Researchers Show That How To Efficiently Produce Hydrogen Fuel


A team of researchers has developed a highly stable and efficient photoelectrochemical module using organic semiconductors photocathodes with metal foil encapsulation to enable large-scale production of hydrogen

Long-term stable organic semiconductor-based photocathodes for hydrogen production (Credit: Sanghan Lee from Gwangju Institute of Science and Technology, Korea)

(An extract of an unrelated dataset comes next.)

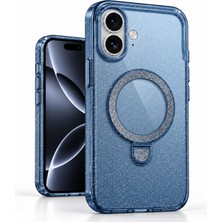 CoverZone iPhone 16 ile Uyumlu Cosmo Simli Silikon Kılıf, Magsafe Uyumlu Kablosuz Şarj, Açılabilir Dikey Yatay Halka Stand, Yükseltilmiş Kamera Çerçevesi, Parlak Işıltılı Yüzey, Hassas Tuşlar, Mavi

Hydrogen is the eco-friendly alternative to fossil fuel due to its carbon combustion neutral products (water, electricity, and heat), the conventional method to produce hydrogen is through “photoelectrochemical (PEC) water splitting”. This method is more engaging as 1) mass hydrogen production in limited space without a grid system and 2) high-efficiency conversion of solar energy to hydrogen. However, the photoactive materials used in conventional PECs do not consist of features necessary for a commercial setting. Hence, a team of researchers led by Prof. Sanghan Lee from Gwangju Institute of Science and Technology, Korea, developed a novel method of encapsulating the OS photocathode in platinum-decorated titanium foil, a technique known as “metal foil encapsulation,” to prevent its exposure to the electrolyte solution.

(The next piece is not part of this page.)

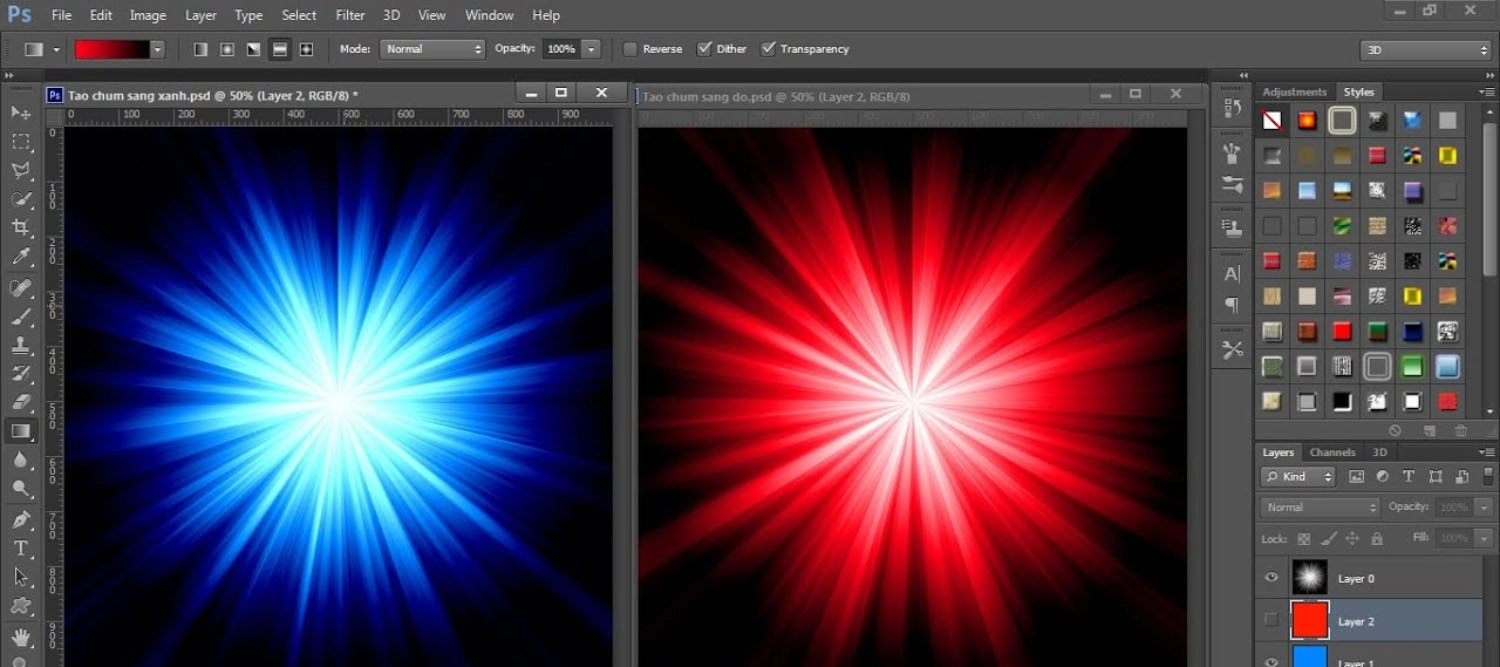 Lưu ý khi tạo hiệu ứng chùm sáng trong Photoshop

“The metal foil encapsulation is a powerful approach for realizing long-term stable OS-based photocathodes since it helps impede the penetration of electrolytes into the OS, improving their long-term stability as has been demonstrated in our previous studies and other reports on OS-based photoelectrodes,” explains Prof. Sanghan Lee from Gwangju Institute of Science and Technology, Korea

Organic semiconductors (OSs) had emerged as a potential photoelectrode material for commercial PEC hydrogen but they showed poor chemical stability and low photocurrent density. Hence, the team developed an organic photovoltaic cell, in which the OS photocathode was covered with titanium foil and well-dispersed platinum nanoparticles. After experimentation, the OS photocathode showed an onset potential of 1 V versus the reversible hydrogen electrode (RHE) and a photocurrent density of -12.3 mA cm-2 at 0 VRHE. The cell displayed a record operation stability, retaining 95.4% of the maximum photocurrent for over 30 hours without any noticeable deterioration in the OS. Further, the team tested the module under actual sunlight and was able to produce hydrogen.

“With the growing threat of global warming, it is imperative to develop eco-friendly energy sources. The PEC module explored in our study could be installed in hydrogen gas stations, where hydrogen can be both mass-produced and sold at the same time,” says Prof. Lee.